Six characters (and three directors) in search on an author: the Leeds/Bradford team

The journey up on the train was uneventful and Stratford looked delightful in some rare midsummer sunshine. Shortly after 1pm I took my seat in a packed RST auditorium for the Play For A Nation version. On this occasion I had deliberately chosen to opt for a seat in the Circle as I wanted to get a feel for the view from that position. The RST’s auditorium is steep and it also has a thrust stage (as opposed to the more traditional proscenium stage at the Barbiacan) so we will need to give some thought to our blocking and the techniques which will need to be employed to ensure all members of the audience feel included. I caught the eye of the lady sitting two seats along from me who nodded, leant forward and said “I think you were the Bottom in London”. I was slightly taken aback but said that I indeed was and asked how she knew. It turned out that she had seen the production at the Barbican and was so impressed with it that she thought she would bring her mother to see it at Stratford. There were murmurings/pointings from others around us who had obviously overheard but at that point Tarek and Lucy appeared on stage, the lights dimmed, the play began and I was able to sink back into anonymity.

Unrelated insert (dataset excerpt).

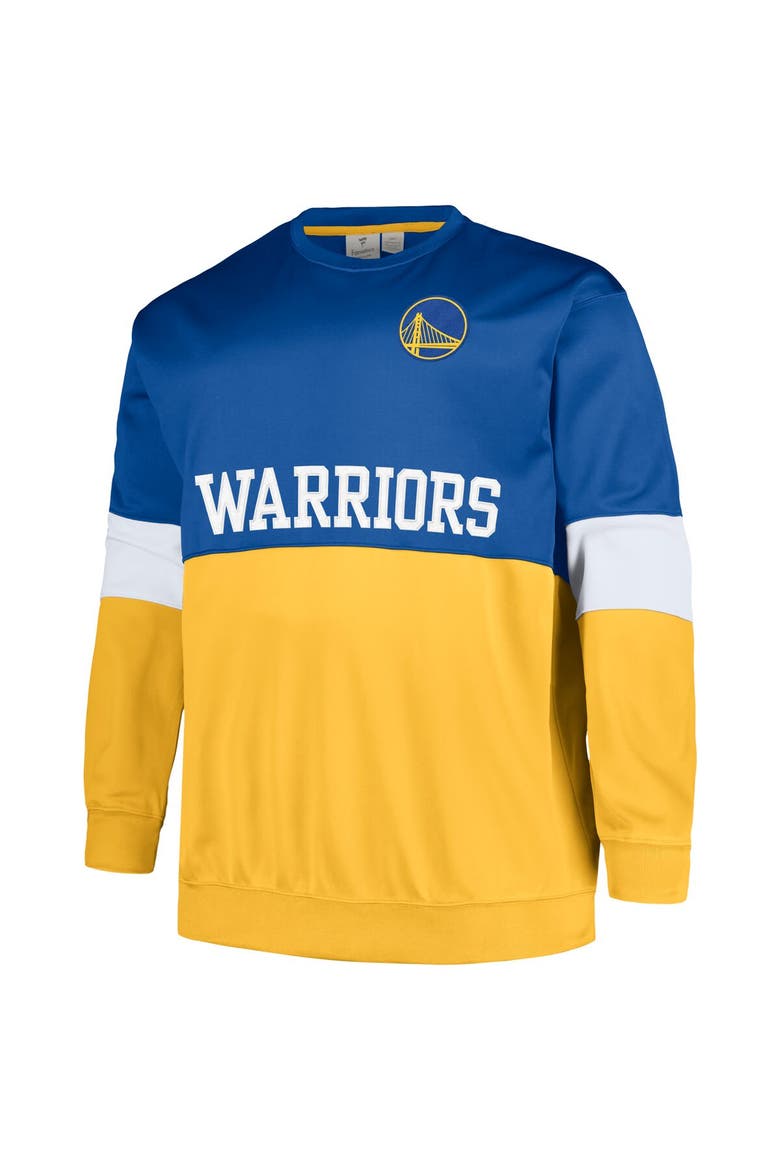 Men's Fanatics Branded Royal/Gold Golden State Warriors Big & Tall Split Pullover Sweatshirt, Alternate, color, Royal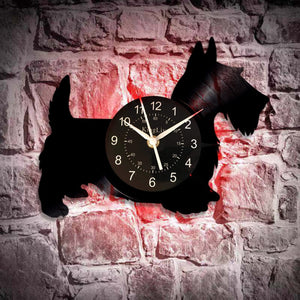 Dog Wall Clock Scottish Terrier Dog Breed LED Vinyl Record Wall Clock Personalized Puppy Pet Home Decor Dog Lover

The performance was a captioned one; it was quite tempting to keep checking the screen to ensure there had been no paraphrasing but of course there wasn’t. We’re talking about professionals here – even the amateurs are professional in their approach. There was a sense of comfort about the production by now; rather like putting on a favourite cardigan though of course for the majority of the audience this was unfamiliar territory and it was great to hear them react on cue to things that I knew were about to happen (Ben Goffe’s sudden appearance towards the end of Act 1 still brings the house down).

The RST thrust stage and auditorium (with voms clearly visible)

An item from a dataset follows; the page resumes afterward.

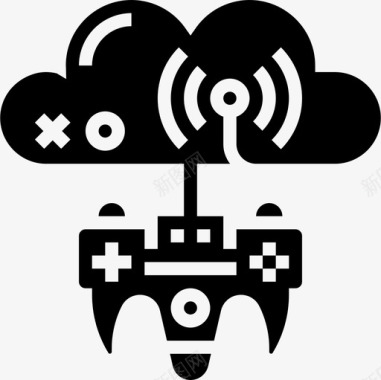 游戏云服务6字形图标图标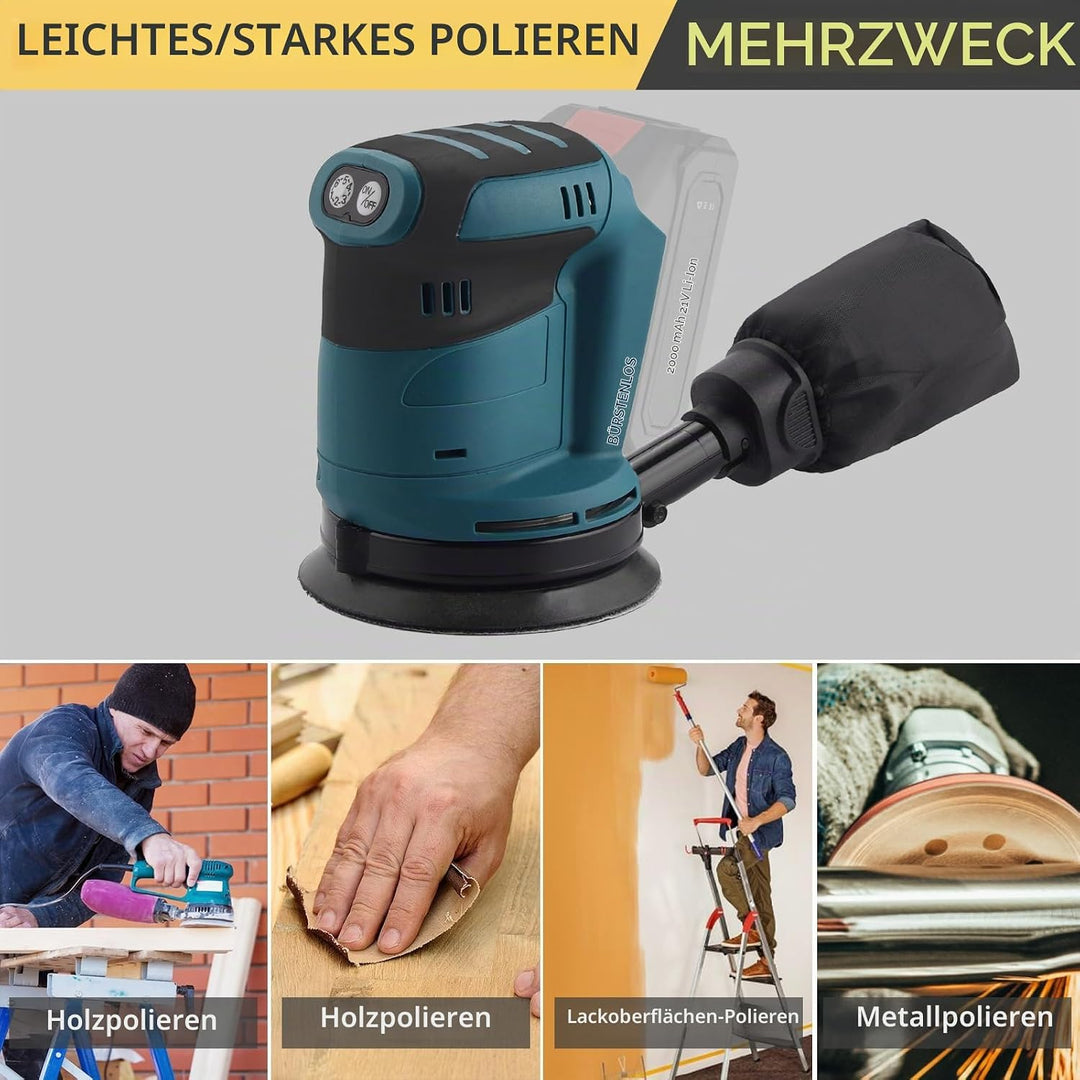 AMTOVL Exzenterschleifer Brushless Schleifmaschine Schleifgerät mit 5PCS 125mm Schleifpapier Schleif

I made mental notes as the play proceeded as to exits and entrances. A lot of these were along the walkways through the stalls audience known as voms – short for vomitoria, though this has nothing to do with being sick. Everything was just slightly different on the thrust stage itself; the main technique seemed to be to play on a diagonal line – somewhat similar to the positioning used for “in the round” staging. At the same time I enjoyed the performances of my fellow Mechanicals and loved some of the new ideas (to me anyway) they brought to the roles. As we have constantly found there are a number of ways but no single right way to interpret these Shakespearean characters.

At half time I went outside to stretch my legs and had a wander around the grounds and gardens. One thing that caught my eye was the Stratfords of the World Friendship Flowerbed which featured beautiful willow sculptures of Bottom and Titania by artist Emma Stothard. Suddenly I spotted most of the Canterbury team who had just arrived in order to pick up the baton the following day. They were evidently excited at the prospect of appearing in Stratford (who wouldn’t be?) but just a little bit sad that their Flute (Adam) was going to be unable to perform due to ill health. Though hardly the same, I am sure he was with the team in spirit; get better soon, Adam.

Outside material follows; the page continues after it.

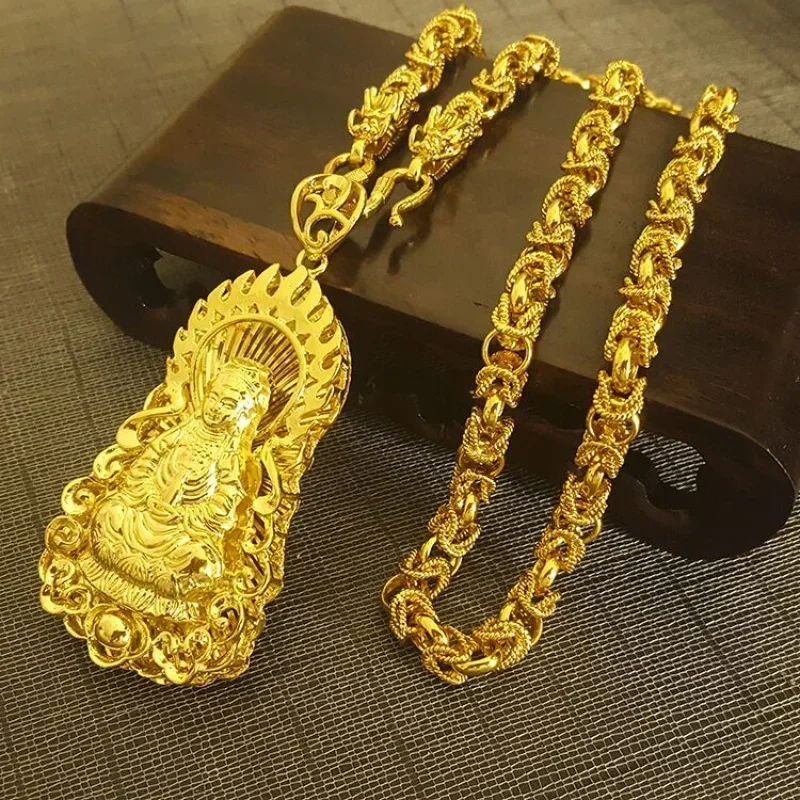 999 Pure Gold Necklace 18K Gold Necklace Men's Guan Gong Pendant Real Gold Jewelry Boss Chain 60cm Dragon Brand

The second half of the play fairly flew by and my resolve to keep a mental note of the exits and entrances rapidly went out of the window as I got caught up in the action of the play generally and the play within a play more specifically. Again some very different choices from our own made for a highly diverting 20 minutes or so (it’s easy to forget how long the last scene actually runs). Then we were into the Bergomask, the children’s big moment in the blessing and finally Puck’s farewell.

I took myself round to the stage door – reminding myself that very soon we would be going through it as performers – where I met up with several of the cast. Ken (the Leeds amateur director) was particularly enlightening as to what to expect during the first day of intense rehearsal and Barry was, as ever, on good form. AD Kim was also there and she gave me a quick briefing on what our team should be doing to prepare for our performances. Despite being the last day of June the weather was quite chilly so a brisk walk beside the Avon was called for and this took me in the right direction for my next destination. My theatrical main course at the RST had been well and truly digested and it was now time for dessert – interestingly this was to be made out of the same ingredients.

The Other Place studio theatre

I was heading for The Other Place, the RSC’s studio theatre, which was hosting the Playmaking Festival. Schools local and national had put in a bid to perform a specially commissioned half hour Dream and the fifty chosen ( Playmaking Festival Programme) were performing across two weeks. I had booked to see Stratford College’s version (simply because this was conducive to my timings) but there were five different schools performing throughout that day. What a great experience for the young performers and the group I saw were evidently relishing what they were doing.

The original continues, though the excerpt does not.